• What to produce
Your answer should give again, exactly, the lines from the beginning of the entries below through the line containing "Hey guys, welcome". It must contain no pictures.
━━━ Provided data
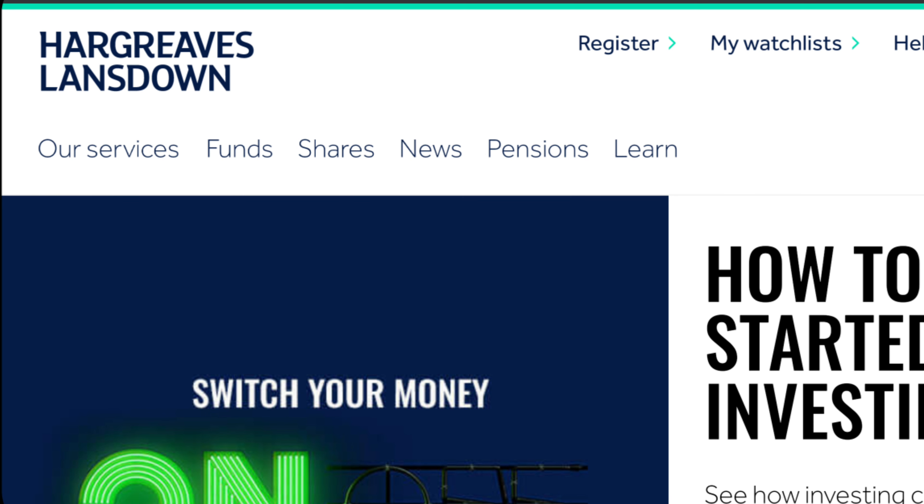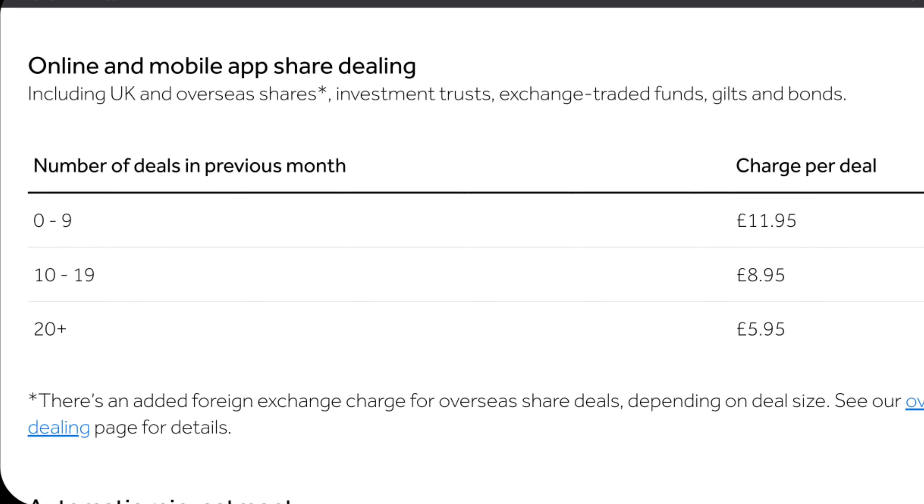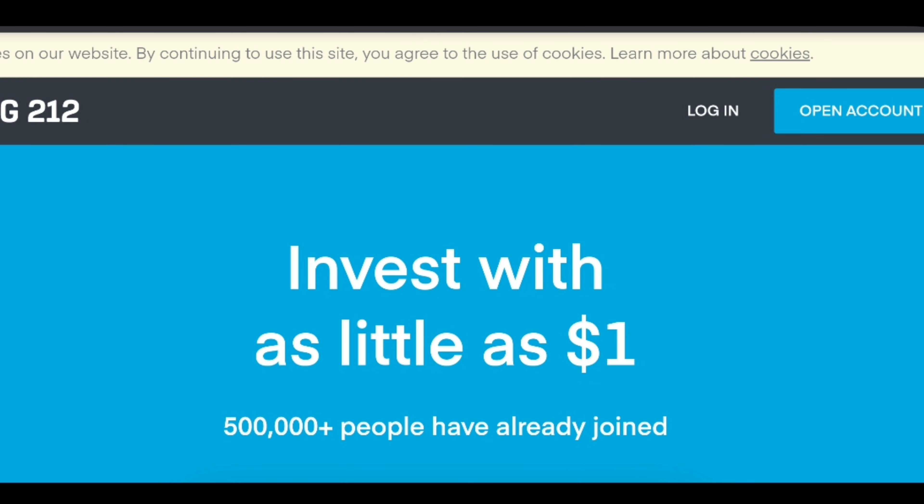Now you must be wondering: why Trading 212? Why not HL, which is very established and has been in the UK for so many years? Compared to other platforms, yes, Trading 212 is a relatively new platform, but it offers a free service, and for an average investor such as myself, that's a huge deal. HL charges about £12 per deal you make, and on top of that there is a £7.50 fee per month. I could invest that money and buy some stocks — that's why I've eliminated HL from my investment platform.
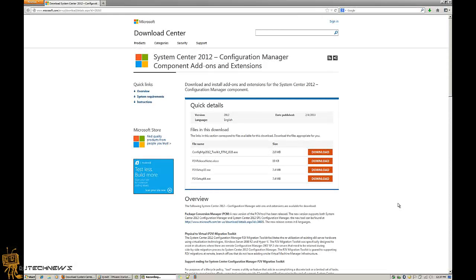Hey guys, welcome back. This is Bernardo from BJ Tech News. Today I'm going to show you how to install and get yourself up and running, actually just the installation part of the System Center 2012 Configuration Manager Components, Add-ons, and Extensions.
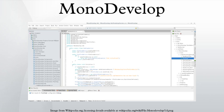MonoDevelop is an open source integrated development environment for Linux, OS X, and Windows. Its primary focus is development of projects that use Mono and .NET frameworks.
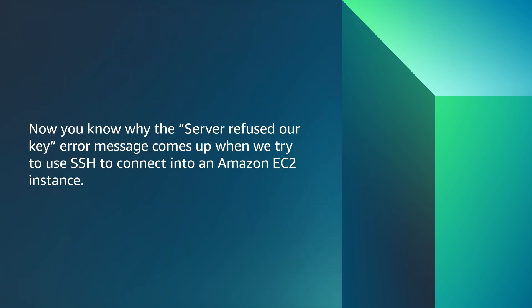And now you know why the server refused our key error message comes up when we try to SSH to connect into an Amazon EC2 instance. Thanks for watching and happy cloud computing from all of us here at AWS.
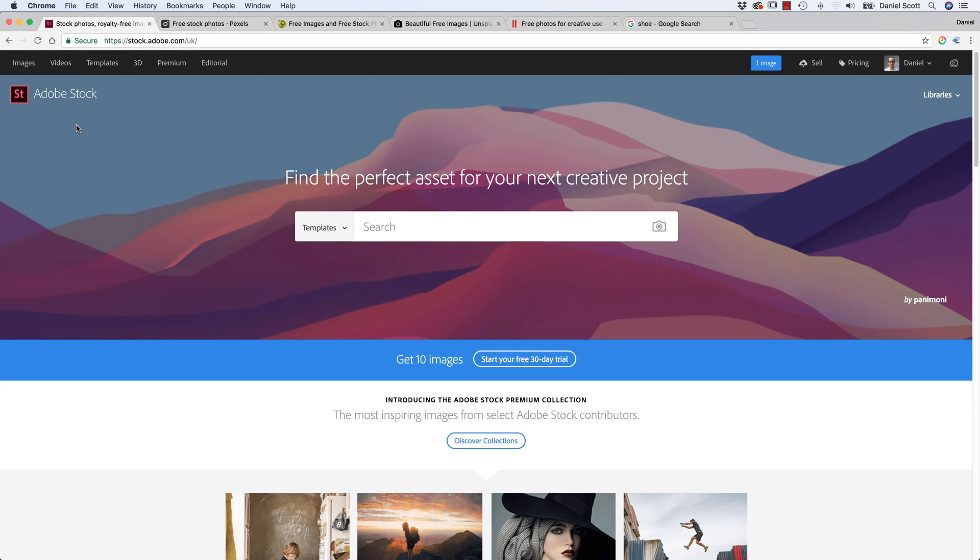All right, this is a really long video. We're all ready to get started with Photoshop. And let's actually start making some stuff. All right, let's get into the next video.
━━━━━━
• Problem solution
Now you must be wondering: why Trading 212? Why not HL, which is very established and has been in the UK for so many years? Compared to other platforms, yes, Trading 212 is a relatively new platform, but it offers a free service, and for an average investor such as myself, that's a huge deal. HL charges about £12 per deal you make, and on top of that there is a £7.50 fee per month. I could invest that money and buy some stocks — that's why I've eliminated HL from my investment platform.
Hey guys, welcome back. This is Bernardo from BJ Tech News. Today I'm going to show you how to install and get yourself up and running, actually just the installation part of the System Center 2012 Configuration Manager Components, Add-ons, and Extensions.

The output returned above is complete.